#### Task input
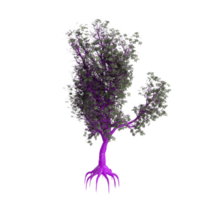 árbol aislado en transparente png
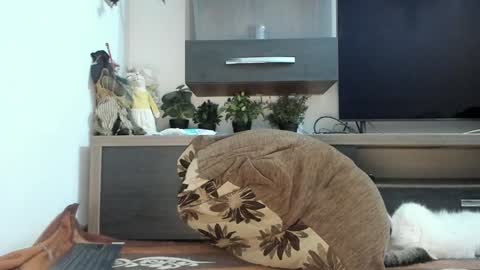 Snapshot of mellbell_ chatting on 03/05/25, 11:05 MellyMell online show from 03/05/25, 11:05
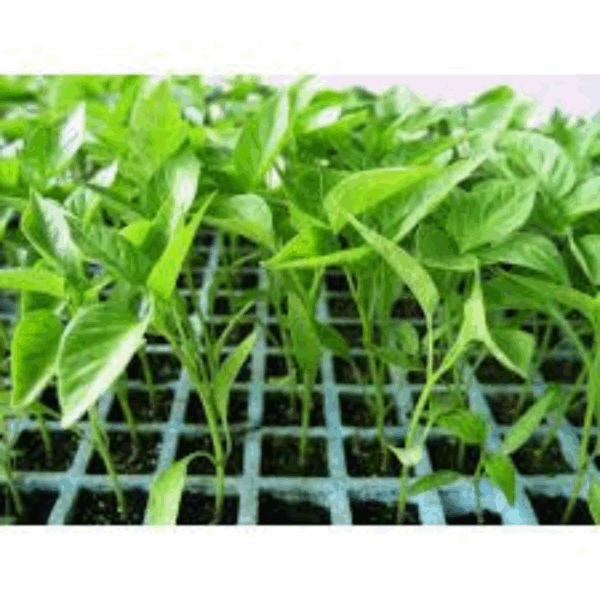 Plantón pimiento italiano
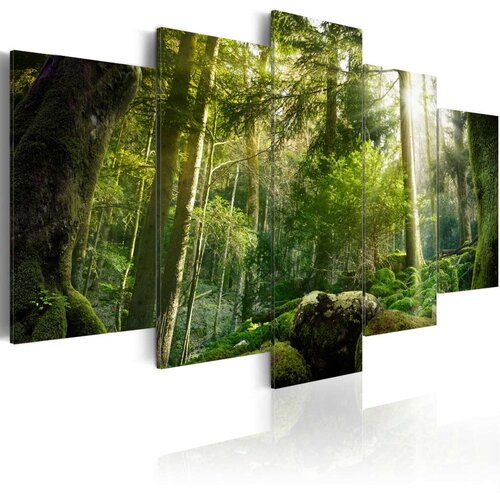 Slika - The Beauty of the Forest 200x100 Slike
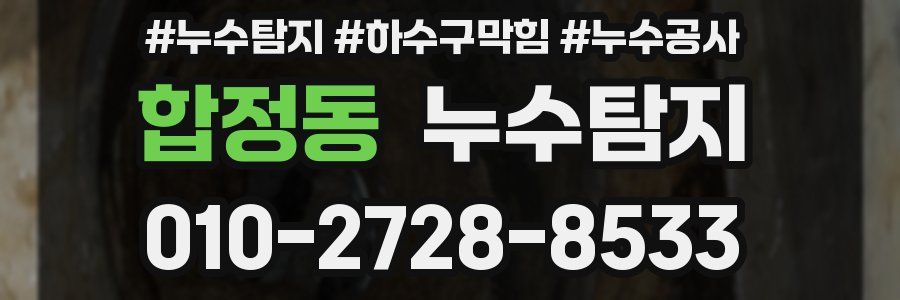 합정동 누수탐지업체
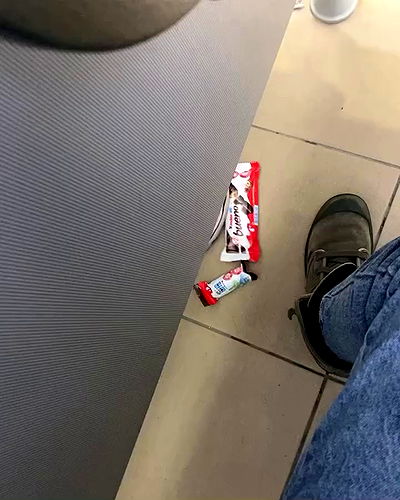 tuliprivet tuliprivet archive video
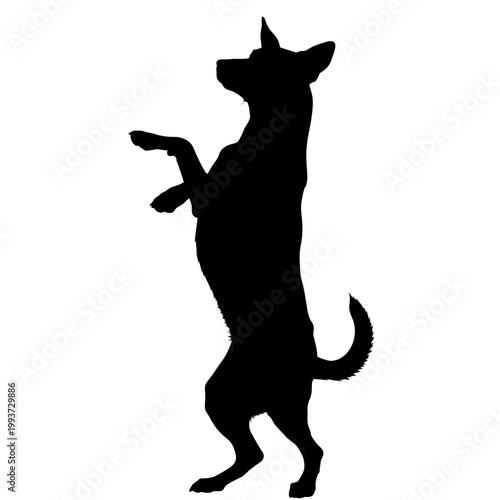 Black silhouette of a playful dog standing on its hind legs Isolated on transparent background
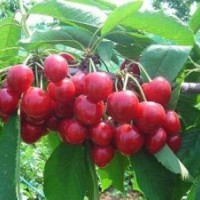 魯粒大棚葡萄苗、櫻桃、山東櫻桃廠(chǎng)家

#### Task details
From the first line to the last, return the records exactly and leave the pictures behind.

#### Solution to this problem
 árbol aislado en transparente png
 Snapshot of mellbell_ chatting on 03/05/25, 11:05 MellyMell online show from 03/05/25, 11:05
 Plantón pimiento italiano
 Slika - The Beauty of the Forest 200x100 Slike
 합정동 누수탐지업체
 tuliprivet tuliprivet archive video
 Black silhouette of a playful dog standing on its hind legs Isolated on transparent background
 魯粒大棚葡萄苗、櫻桃、山東櫻桃廠(chǎng)家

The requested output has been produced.